English colonization would look very different from Spanish or French colonization. England had long been trying to conquer Catholic Ireland. Rather than integrating with the Irish and trying to convert them to Protestantism, England more often simply seized land through violence and pushed out the former inhabitants, leaving them to move elsewhere or to die. These same tactics would later be deployed in North American invasions.
English colonization, however, began haltingly. Sir Humphrey Gilbert labored throughout the late-sixteenth century to establish a colony in Newfoundland but failed. In 1587, with a predominantly male cohort of 150 English colonizers, John White reestablished an abandoned settlement on North Carolina’s Roanoke Island. Supply shortages prompted White to return to England for additional support but the Spanish Armada and the mobilization of British naval efforts stranded him in Britain for several years. When he finally returned to Roanoke, he found the colony abandoned. What befell the failed colony? White found the word “Croatan” carved into a tree or a post in the abandoned colony. Historians presume the colonists, short of food, may have fled for a nearby island of that name and encountered its settled native population. Others offer violence as an explanation. Regardless, the English colonists were never heard from again. When Queen Elizabeth died in 1603, no Englishmen had yet established a permanent North American colony.

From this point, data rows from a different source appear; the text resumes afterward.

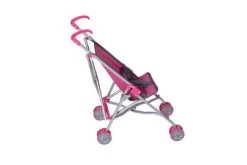 KNORR Toys Puppenbuggy Sim - Berry 12 KNORR Toys Puppenbuggy Sim - Berry -Kinderspielzeugladen 28421549 05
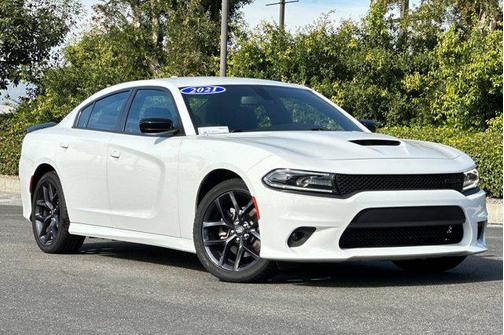 2021 Dodge Charger GT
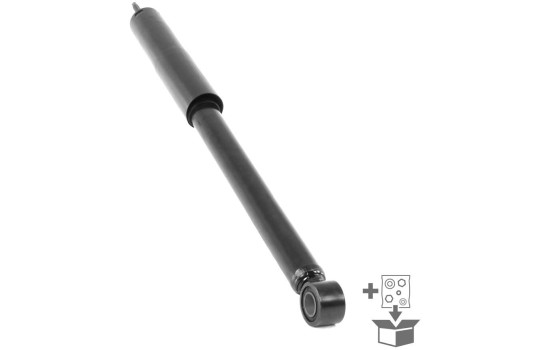 Shock Absorber MONROE ORIGINAL (Gas Technology) G1120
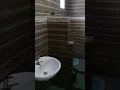 MAKE OVER KAMAR MANDI KECIL ALA HOTEL YANG ADA DI RUMAH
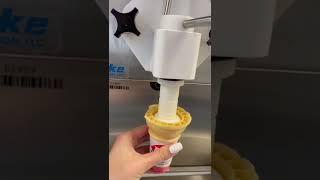 Most difficult item to make at Dairy Queen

After King James made peace with Spain in 1604, privateering no longer held out the promise of cheap wealth. Colonization assumed a new urgency. The Virginia Company, established in 1606, drew inspiration from Cortes and the Spanish conquests. It hoped to find gold and silver as well as other valuable trading commodities in the New World: glass, iron, furs, pitch, tar, and anything else the country could supply. The Company planned to identify a navigable river with a deep harbor, away from the eyes of the Spanish. There they would find an Indian trading network and extract a fortune from the New World.
Source: The American Yawp. A Free and Online, Collaboratively Built American History Textbook, 2017-2018 Edition.
Exploration and Mercantilism – Video
Nilsen, S. Exploration and Mercantilism. (2012, November 8). [Video File]. Retrieved from https://www.youtube.com/watch?v=yqyCKtyvP-8
Summary
Mercantilism is an economic theory. European nations embraced mercantilism in the fifteenth century, sixteenth century, and seventeenth century. Under mercantilism, European nations sought to establish positive trade balance and accumulate vast quantities of gold and silver. Nations such as Portugal, Spain, England, and France established colonial empires in the Americas as a means of accumulating wealth. Spain was the first European nation to establish a colonial empire in the Americas. Spain extracted a tremendous amount of gold and silver from its colonies in the Americas. European nations mandated that their colonies conduct trade only with them, not with any foreign nation. Europe benefited greatly from mercantilism, while many peoples in the Americas, Africa, and Asia suffered from the policy.